Prefer: respond-async
Content-Type: Accept-Encoding: gzip, deflate
Authorization: Token F0ABE9A3FFF2E02E10AE2765ED872C59B8CC3B40EBB61B30E295E71DE31C254B8648DB9434C2DF9299FDC668AA123501F322D99D45C8B93438063C912BC936C7B87062B0CF812138863F5D836A7B31A32DCA67EF07B3B50B2FC4978DF6F76784FDF35FCB523A8430DA93613BC5730CDC310D4D241718F9FC3F2E55465A24957CC287BDEC79046B31AD642606275AEAD76318CB221BD843348E1483670DA13968D8A242AAFCF9E13E23240C905AE46DED9EDCA9BB316B4C5C767B18DB2EA7ADD100817ADF059D01394BC6375BECAF6138C25DBA57577F0061
Content-Encoding: gzip
Content-Type: text/plain
Body:
The content is compressed plain text in CSV format. Depending on the nature of the data, the time range and number of instruments, the response can be quite long and contain tens of thousands of lines.

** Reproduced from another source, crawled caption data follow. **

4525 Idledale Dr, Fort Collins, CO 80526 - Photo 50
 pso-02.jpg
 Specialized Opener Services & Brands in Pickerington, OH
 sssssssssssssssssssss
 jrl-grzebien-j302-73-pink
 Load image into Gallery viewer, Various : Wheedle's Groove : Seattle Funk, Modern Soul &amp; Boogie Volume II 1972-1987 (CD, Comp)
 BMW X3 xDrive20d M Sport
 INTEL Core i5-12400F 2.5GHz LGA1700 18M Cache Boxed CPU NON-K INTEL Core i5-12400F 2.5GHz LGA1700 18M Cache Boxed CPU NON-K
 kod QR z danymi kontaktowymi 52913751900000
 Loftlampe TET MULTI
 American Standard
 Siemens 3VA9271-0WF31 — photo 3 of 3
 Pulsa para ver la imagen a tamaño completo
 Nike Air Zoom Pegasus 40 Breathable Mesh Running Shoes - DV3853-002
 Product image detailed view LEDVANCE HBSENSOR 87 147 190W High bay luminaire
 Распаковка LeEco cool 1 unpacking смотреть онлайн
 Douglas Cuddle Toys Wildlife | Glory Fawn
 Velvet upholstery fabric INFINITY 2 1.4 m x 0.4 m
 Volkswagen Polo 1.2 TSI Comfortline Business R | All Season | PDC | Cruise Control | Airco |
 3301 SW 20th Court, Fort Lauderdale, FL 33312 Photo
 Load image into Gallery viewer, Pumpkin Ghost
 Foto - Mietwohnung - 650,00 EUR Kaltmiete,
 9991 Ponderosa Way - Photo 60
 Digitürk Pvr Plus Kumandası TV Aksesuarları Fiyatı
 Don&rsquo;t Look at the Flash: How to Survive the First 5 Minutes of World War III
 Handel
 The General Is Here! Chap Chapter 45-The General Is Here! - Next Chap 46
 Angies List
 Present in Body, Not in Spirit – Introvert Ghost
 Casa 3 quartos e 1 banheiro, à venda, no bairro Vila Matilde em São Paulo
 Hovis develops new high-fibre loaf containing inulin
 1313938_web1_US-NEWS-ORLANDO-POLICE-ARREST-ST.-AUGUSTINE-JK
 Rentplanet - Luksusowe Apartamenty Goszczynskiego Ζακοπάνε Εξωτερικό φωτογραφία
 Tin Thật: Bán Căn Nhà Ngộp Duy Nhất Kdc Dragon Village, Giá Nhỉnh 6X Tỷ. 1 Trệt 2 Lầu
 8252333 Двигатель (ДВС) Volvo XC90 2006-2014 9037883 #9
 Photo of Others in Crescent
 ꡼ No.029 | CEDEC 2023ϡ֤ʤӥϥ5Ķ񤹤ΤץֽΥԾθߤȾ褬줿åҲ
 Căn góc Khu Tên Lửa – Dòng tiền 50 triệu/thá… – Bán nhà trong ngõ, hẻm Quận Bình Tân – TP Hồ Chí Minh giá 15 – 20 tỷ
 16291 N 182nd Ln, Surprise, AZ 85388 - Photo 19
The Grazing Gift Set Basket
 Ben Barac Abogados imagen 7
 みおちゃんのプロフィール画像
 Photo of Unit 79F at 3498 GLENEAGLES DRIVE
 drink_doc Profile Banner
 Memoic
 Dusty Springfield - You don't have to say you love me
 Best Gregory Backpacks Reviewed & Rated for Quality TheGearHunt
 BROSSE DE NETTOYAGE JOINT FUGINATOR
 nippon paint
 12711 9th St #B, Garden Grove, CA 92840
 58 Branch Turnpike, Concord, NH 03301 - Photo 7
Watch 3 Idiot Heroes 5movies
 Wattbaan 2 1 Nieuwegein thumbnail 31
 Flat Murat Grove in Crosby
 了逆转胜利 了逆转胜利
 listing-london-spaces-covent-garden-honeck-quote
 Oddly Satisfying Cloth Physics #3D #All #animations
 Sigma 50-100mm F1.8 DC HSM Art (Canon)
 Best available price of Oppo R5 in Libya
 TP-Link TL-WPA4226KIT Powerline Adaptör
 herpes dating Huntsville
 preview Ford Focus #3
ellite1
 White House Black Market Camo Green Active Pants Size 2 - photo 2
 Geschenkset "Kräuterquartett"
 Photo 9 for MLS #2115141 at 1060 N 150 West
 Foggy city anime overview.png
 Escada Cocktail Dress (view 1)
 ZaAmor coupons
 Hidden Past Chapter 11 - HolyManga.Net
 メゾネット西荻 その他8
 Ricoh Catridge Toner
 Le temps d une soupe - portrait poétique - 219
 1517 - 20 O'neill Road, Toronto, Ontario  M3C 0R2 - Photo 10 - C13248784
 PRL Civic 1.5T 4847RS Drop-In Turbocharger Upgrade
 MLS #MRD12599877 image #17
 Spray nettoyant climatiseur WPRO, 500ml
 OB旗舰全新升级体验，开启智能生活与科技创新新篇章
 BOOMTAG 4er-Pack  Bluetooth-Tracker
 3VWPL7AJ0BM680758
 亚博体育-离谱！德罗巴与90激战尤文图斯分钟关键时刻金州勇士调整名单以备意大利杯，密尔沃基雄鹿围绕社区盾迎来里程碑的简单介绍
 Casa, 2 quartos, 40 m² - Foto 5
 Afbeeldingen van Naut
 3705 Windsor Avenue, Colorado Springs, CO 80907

As an example, here is the beginning of the response content for a tick data request:
#RIC,Domain,Date-Time,Type,Price,Volume,Exch Time
CARR.PA,Market Price,2016-09-29T07:00:11.672415651Z,Trade,23.25,63,07:00:11.000000000
CARR.PA,Market Price,2016-09-29T07:00:11.672415651Z,Trade,23.25,64,07:00:11.000000000
CARR.PA,Market Price,2016-09-29T07:00:11.672415651Z,Trade,23.25,27,07:00:11.000000000
CARR.PA,Market Price,2016-09-29T07:00:11.672415651Z,Trade,23.25,2115,07:00:11.000000000
CARR.PA,Market Price,2016-09-29T07:00:11.672415651Z,Trade,23.25,21,07:00:11.000000000
CARR.PA,Market Price,2016-09-29T07:00:11.672674987Z,Trade,23.25,21,07:00:11.000000000
CARR.PA,Market Price,2016-09-29T07:00:11.672674987Z,Trade,23.25,11,07:00:11.000000000
CARR.PA,Market Price,2016-09-29T07:00:11.672674987Z,Trade,23.25,61,07:00:11.000000000
CARR.PA,Market Price,2016-09-29T07:00:11.672674987Z,Trade,23.25,235,07:00:11.000000000
Requests for raw data, tick data and market depth data can generate very large result sets.
To optimize the retrieval times, see the Request tuning and best practices document under the Documentation tab.